Jul 10, 2018 Mark Blackburn

Run-DMZ: WORK this way!

Run-DMZ: WORK this way!

Active Directory (AD) group policy is a very convenient way of ensuring the policy is applied across an estate of PC’s – be they workstations/laptops or servers. However group policy can only be applied to machines that are directly joined to an Active Directory, and there are cases where this is undesirable, usually for security reasons such as servers located in a DMZ network.

The whole point of a DMZ is to isolate trusted internal networks from the potentially hostile Internet, and if a DMZ server is compromised, the fact that it is not in the AD domain makes it much harder to traverse into internal networks to steal data. Conversely, it makes it much harder to apply the consistent policy to DMZ servers, as they are isolated on purpose from the systems that could do this.

Tachyon can be used to remove this gap in policy application with a new script just released on the Tachyon Exchange.  When run by an AD administrator, the script takes an existing Group Policy Object (GPO) and converts it into a Tachyon Instruction which can be imported into your own Tachyon environment, set to a repeating schedule to run against DMZ machines which applies the policy locally. This has the exact same effect as if those machines were in the domain and subject to the group policy.

AD administrators can use the tools that they are familiar with to define the Group Policy object, and then automatically convert the policy to a Tachyon instruction.

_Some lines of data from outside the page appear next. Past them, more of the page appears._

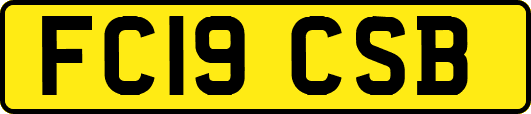 FC19CSB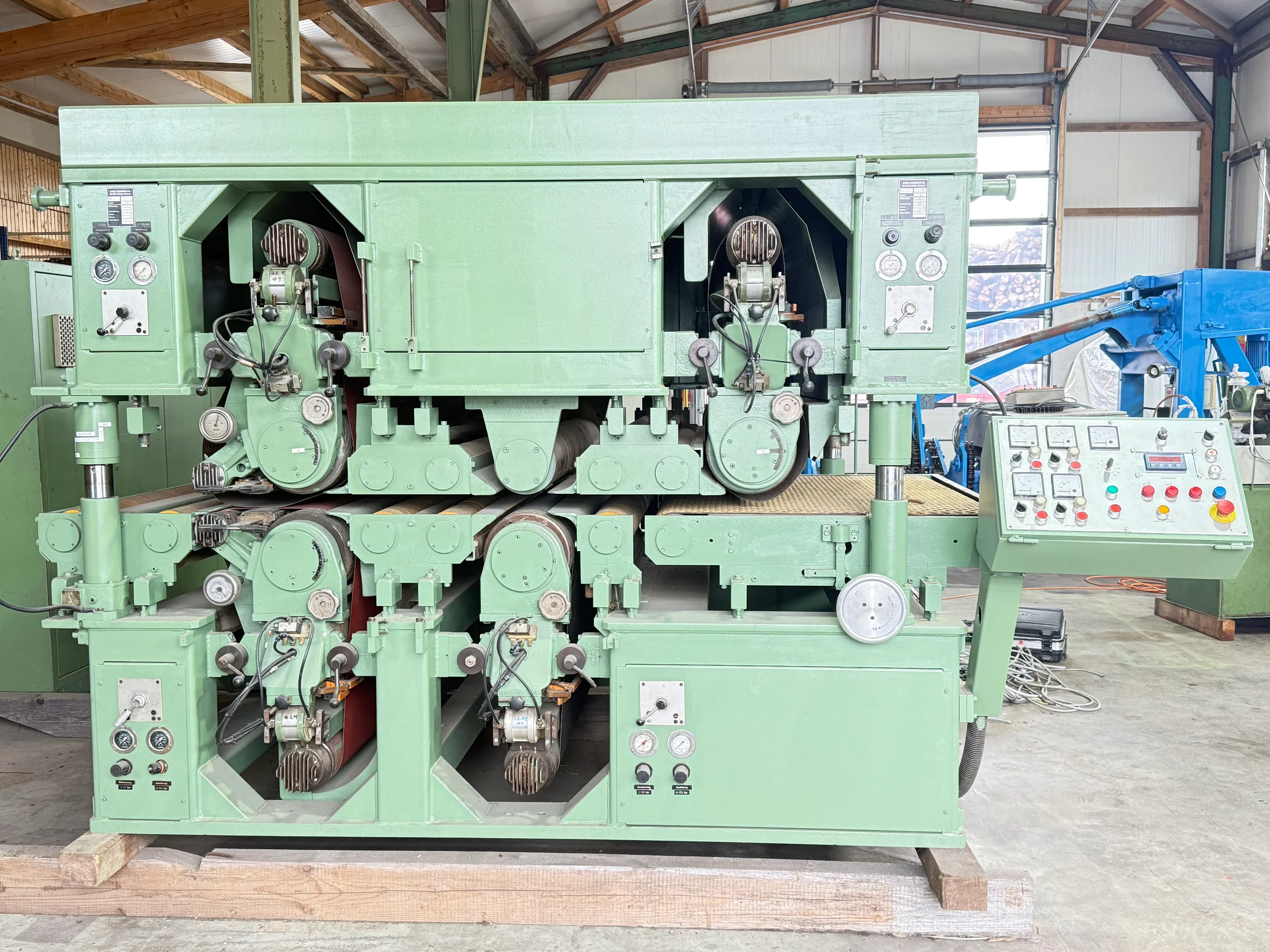 Ponceuse de panneaux - Image 3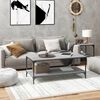 vidaXL &Tau;&rho;&alpha;&pi;&epsilon;&zeta;ά&kappa;&iota; &Sigma;&alpha;&lambda;&omicron;&nu;&iota;&omicron;ύ &Gamma;&kappa;&rho;&iota; Sonoma 100x50x40 &epsilon;&kappa;. &Epsilon;&pi;&epsilon;&xi;&epsilon;&rho;&gamma;&alpha;&sigma;&mu;έ&nu;&omicron; &Xi;ύ&lambda;&omicron;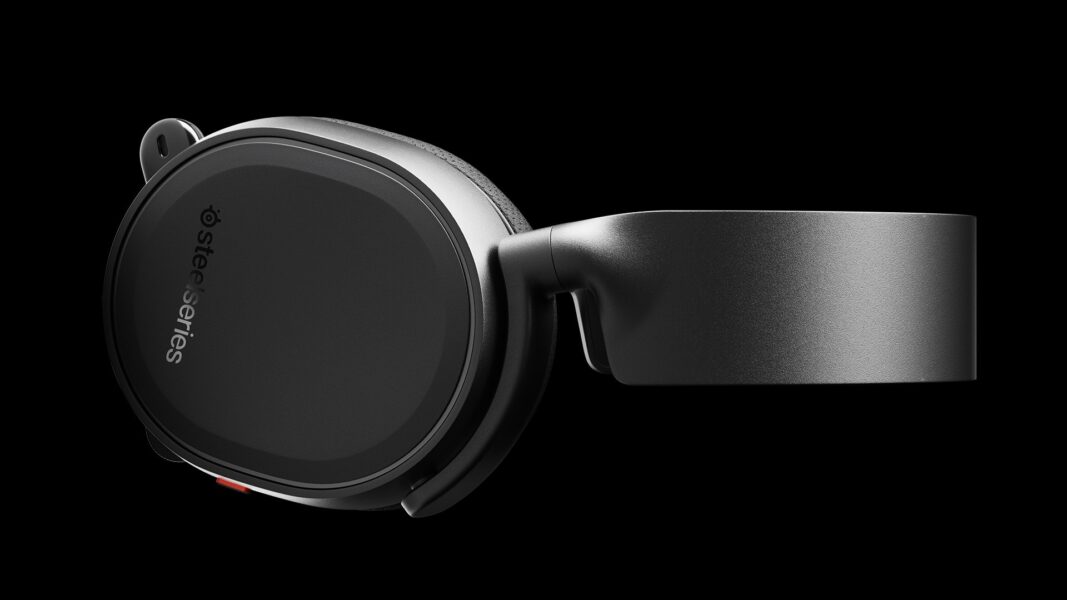 SteelSeries Arctis 3 7.1 Surround Beyaz Kulaklığı – Windows Sonic mekansal ses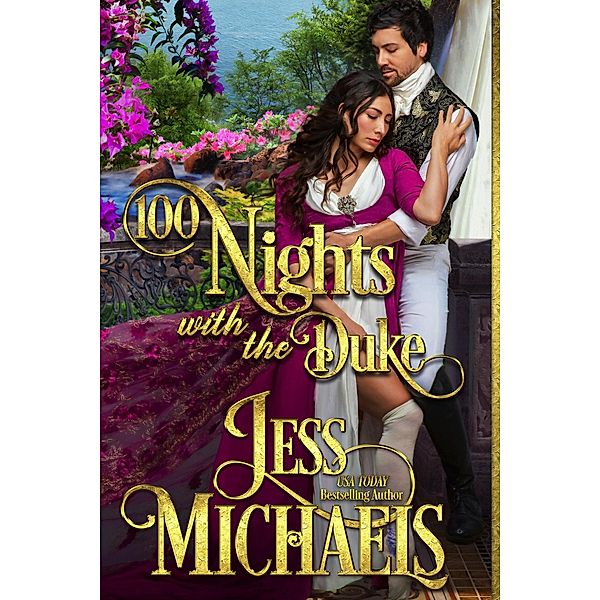 100 Nights with the Duke, Jess Michaels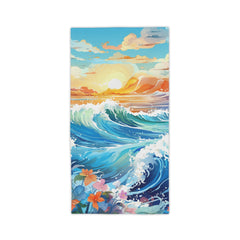 Sunny Beach Towel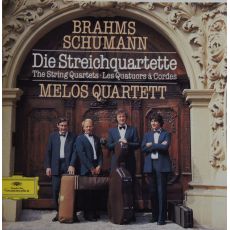 Schumann - Melos Quartett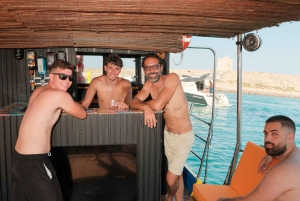 Luzzu Coastal Day Tour – Adults Only Coastal Tour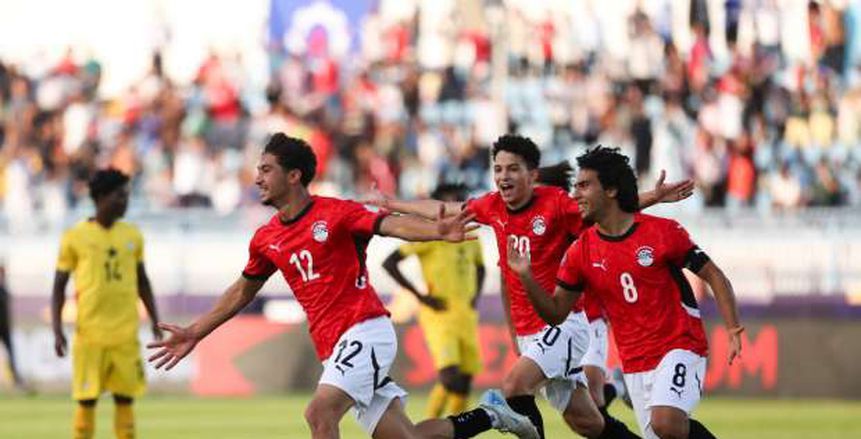 منتخب شباب مصر ينهي تحضيراته لمواجهة المغرب في نصف نهائي أمم إفريقيا منتخب شباب مصر ينهي تحضيراته لمواجهة المغرب في نصف نهائي أمم إفريقيا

The same mechanism can also be used for new ‘Modern Management’ environments where PC’s are only connected to Azure AD, since InTune policy management capabilities do not cover the wide array of capabilities provided by GPOs, so applying policy via Tachyon Instruction allows for the full breadth and depth of GPO capabilities to apply.

Tachyon makes it easy to maintain a better security posture without the typical negative impact created by additional administrative tasks. With this new script shared on the Tachyon Exchange it’s possible to have the best of both worlds – a more secure IT environment and reduced admin overhead to maintain this.